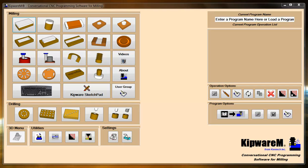We'd like to spend some time in this video taking you through some of the operation options that are available in Kipware Conversational. These are the buttons that are located underneath the tree.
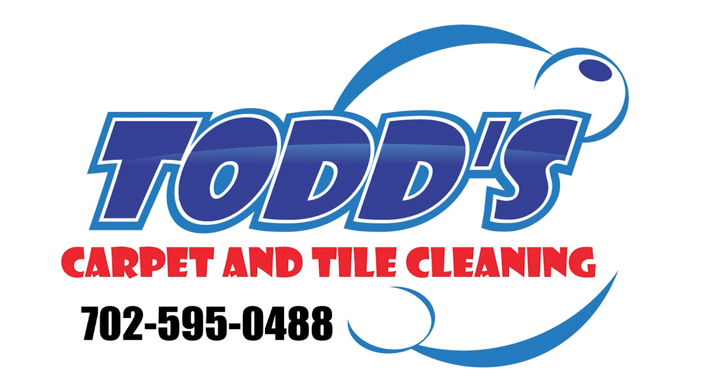Todd's Carpet and Tile Cleaning. Call or text 702-595-0488.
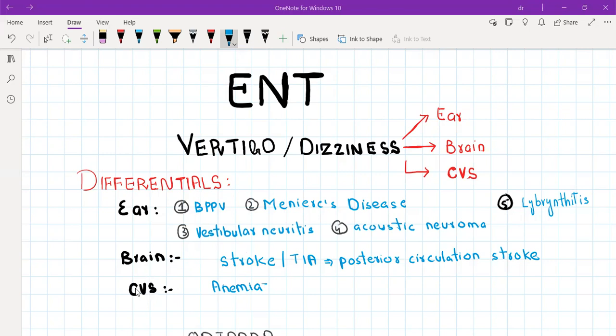For cardiovascular diseases, you need to ask about anemia and arrhythmia. You can cover this in one simple question: 'Do you feel any heart racing?' This will effectively rule out cardiovascular causes of dizziness.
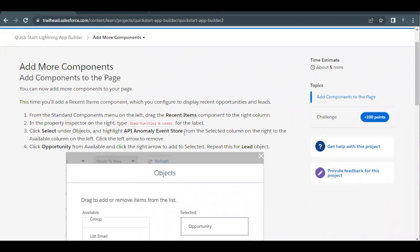Hello everyone, welcome back to another video of Trailhead explanations. In this video we are going to cover the unit 'Add More Components' from the project Quick Start Lightning App Builder. In the previous unit we had created a page for our Lightning app. Now for this unit we are going to add certain more components for this particular page that we created.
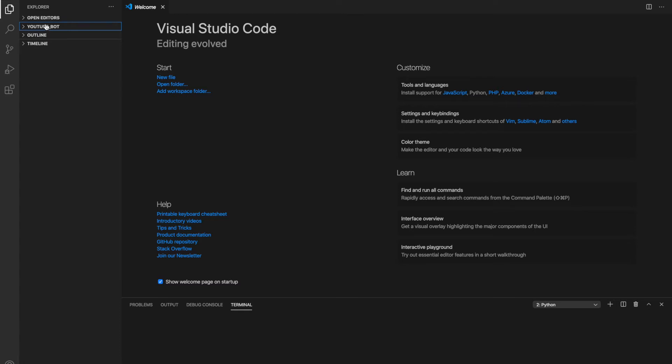Today I wanted to learn about Python classes by making a YouTube view bot. I'm going to be doing this in Visual Studio Code. Let's call the file bot.py.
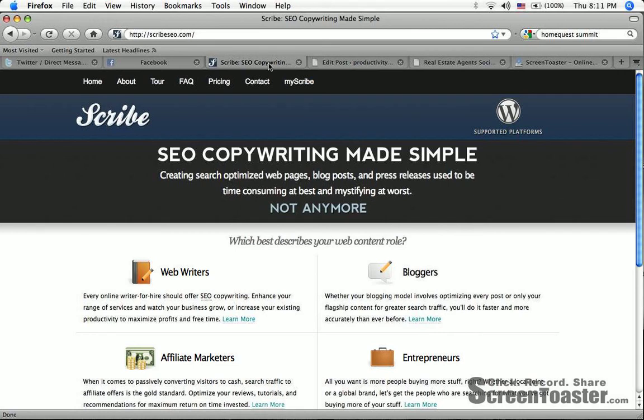Hey, what is up productivity junkies? Darren Persinger here. I want to show you the newest tool, a plugin for WordPress blog sites that I am just losing my mind over. It's called Scribe.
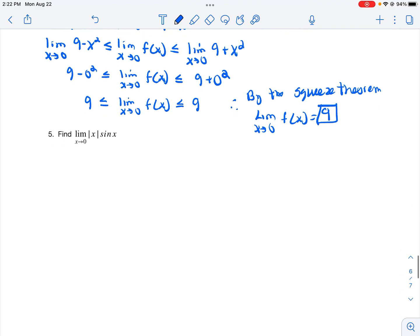The second squeeze theorem example: find the limit as x approaches 0 of the absolute value of x times sine x. Direct substitution gives 0 times 0, an indeterminate form; algebraic simplification won't help either. So we apply the squeeze theorem. We know sine x is always between negative 1 and 1, so negative 1 is less than or equal to sine x, which is less than or equal to 1. Multiplying all parts by the absolute value of x builds the desired middle expression.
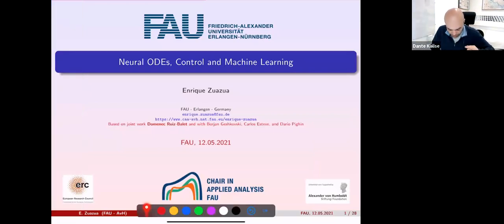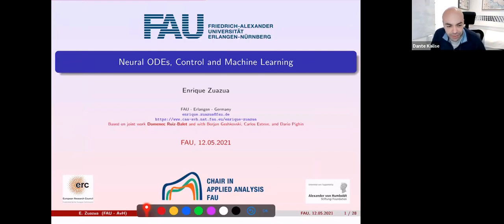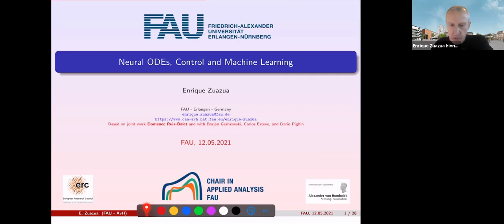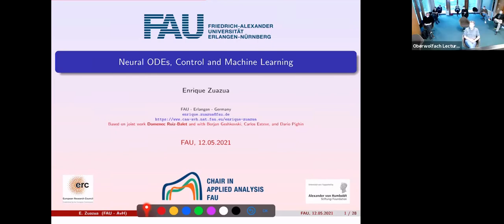Good evening. This is the last talk of the day. It's my pleasure to introduce Henry, from Erlangen, who will speak about neural disease control and machine learning. Thank you, Dante. Thank you all for being here. It's quite late. Special thanks to Kirsten and Lars for organizing this workshop. I also take this opportunity to congratulate the ladies in the room, because today is the International Day of Women in Mathematics.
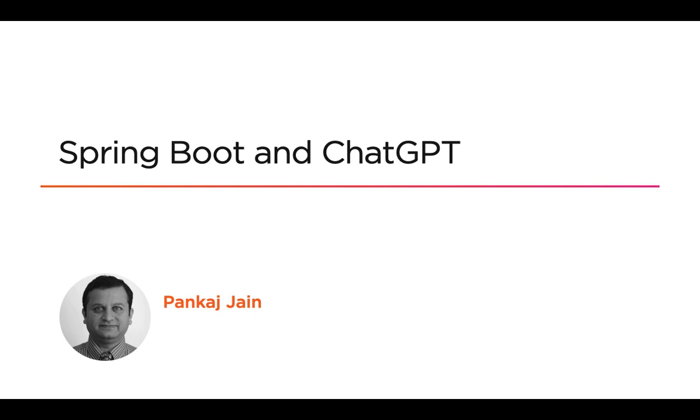ChatGPT is a language model developed by OpenAI, which is extremely powerful and can do a variety of tasks, including chatbot interactions, speech to text, generating images, etc.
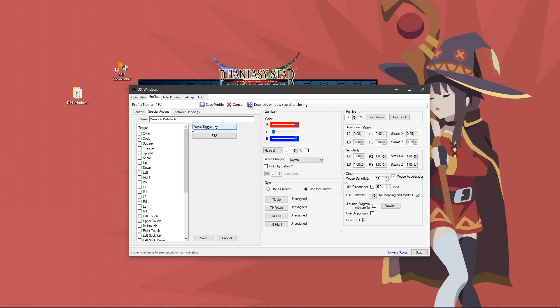Just to be sure you understand, the name here would be weapon palette six, drop down boxes, press toggle key, the action is F12, and you would check mark R2 and circle, then save.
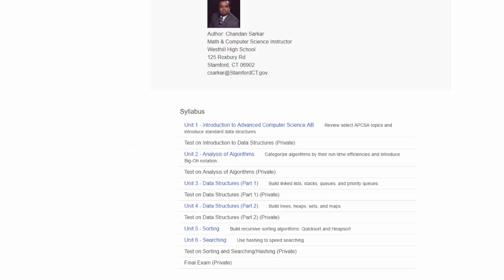In Unit 5, we continue our discussion of sorting, which was started in AP Computer Science A. In this course, we focus on the highly recursive algorithms quicksort and heapsort.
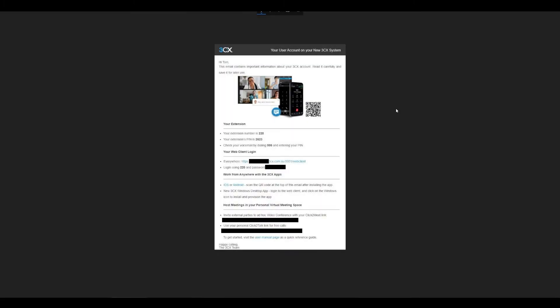Starting with the new welcome email you'll receive, it'll look something like the one here in front of me. This will contain things like your username, password, your voicemail PIN if that is active, and the web client URL. The section in question today is the web client login located here.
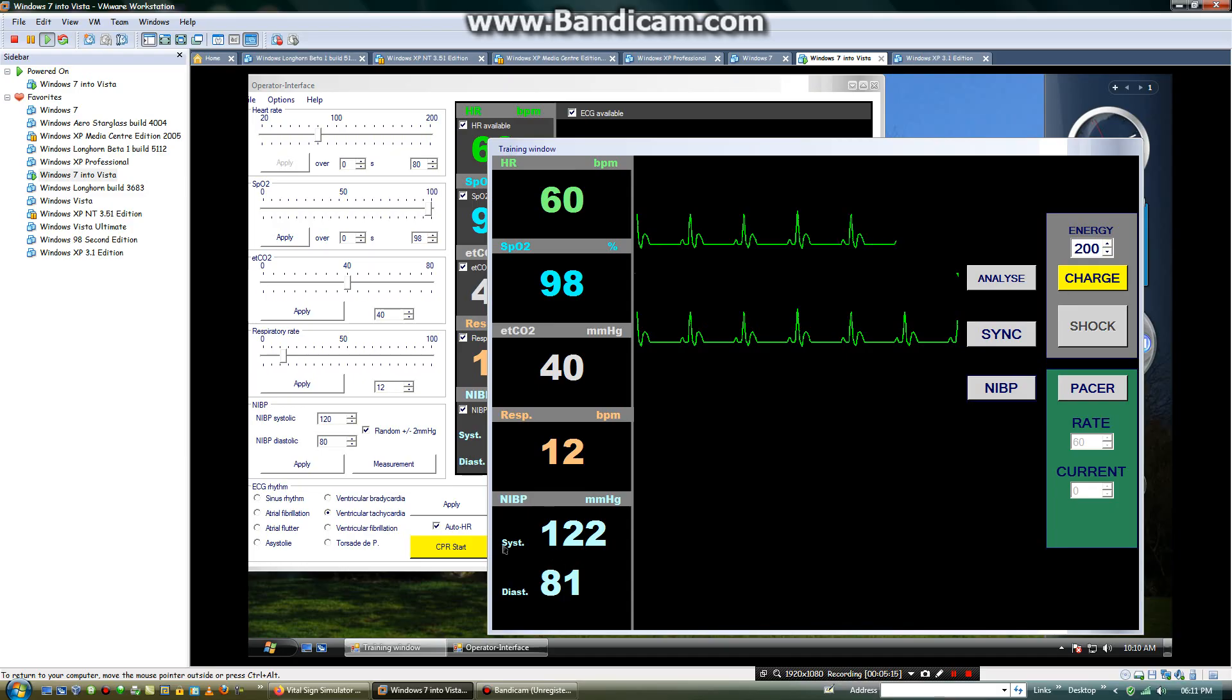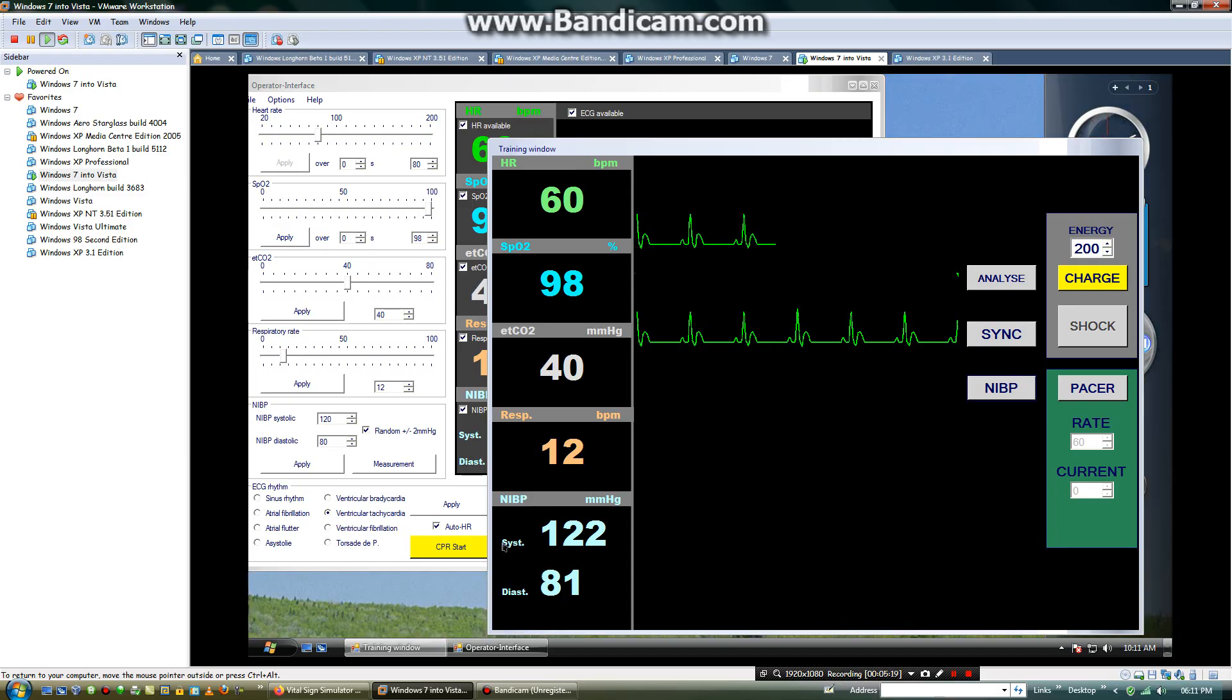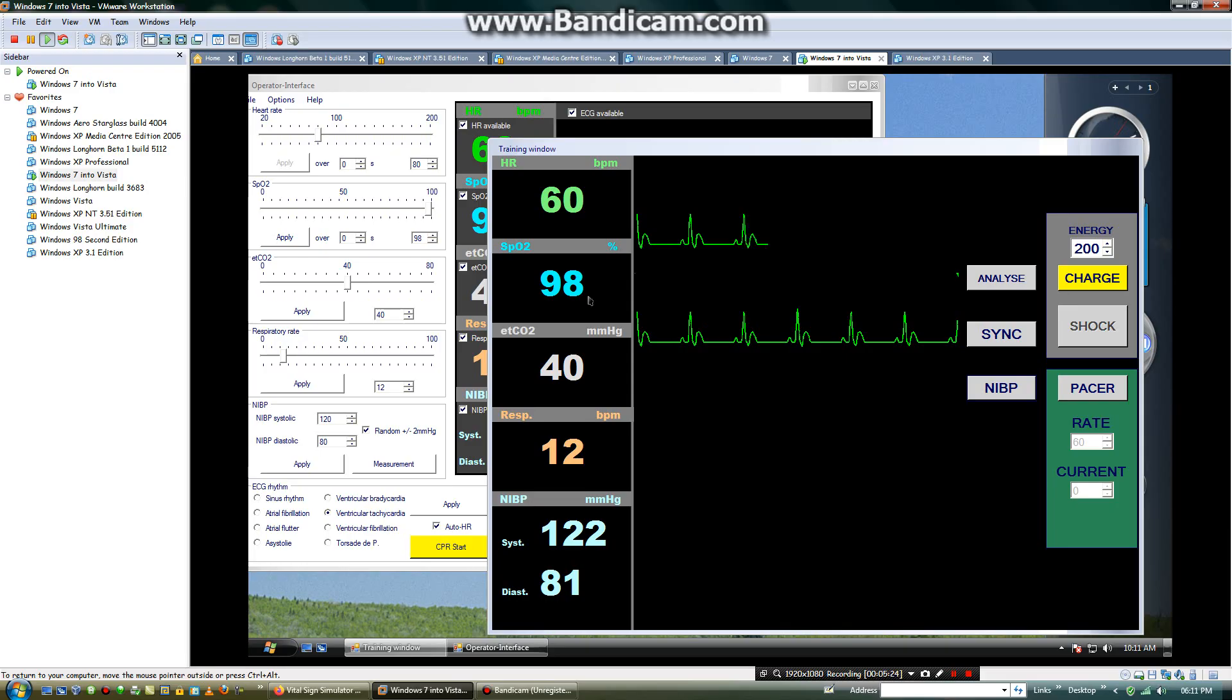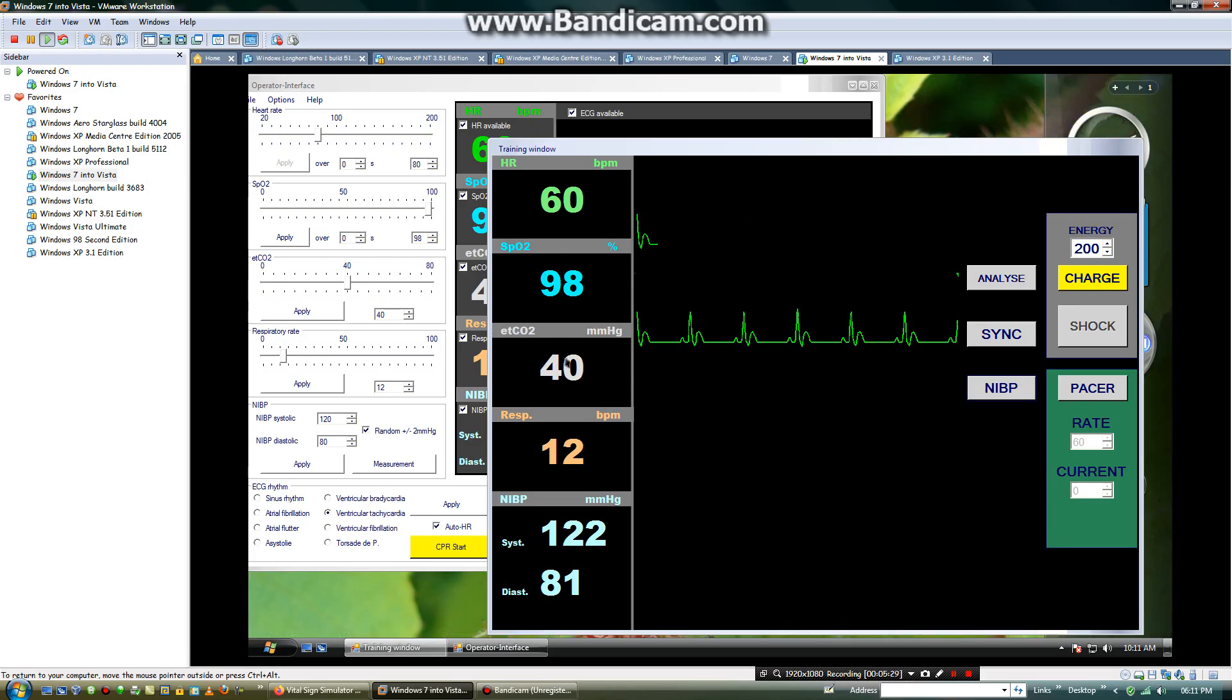Now, this is systolic and the systolic measurement is 122, and diastolic is 81. And the SPO2 is 98. Safe is 40 mmHg stand clear. Push. Analyze.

········

## What you should do
Your copy should hold only the lines above from the one containing "Hello everyone, welcome" through the one containing "Hey, what is", exactly as written and free of pictures.

## Task answer
Hello everyone, welcome back to another video of Trailhead explanations. In this video we are going to cover the unit 'Add More Components' from the project Quick Start Lightning App Builder. In the previous unit we had created a page for our Lightning app. Now for this unit we are going to add certain more components for this particular page that we created.
Today I wanted to learn about Python classes by making a YouTube view bot. I'm going to be doing this in Visual Studio Code. Let's call the file bot.py.
Hey, what is up productivity junkies? Darren Persinger here. I want to show you the newest tool, a plugin for WordPress blog sites that I am just losing my mind over. It's called Scribe.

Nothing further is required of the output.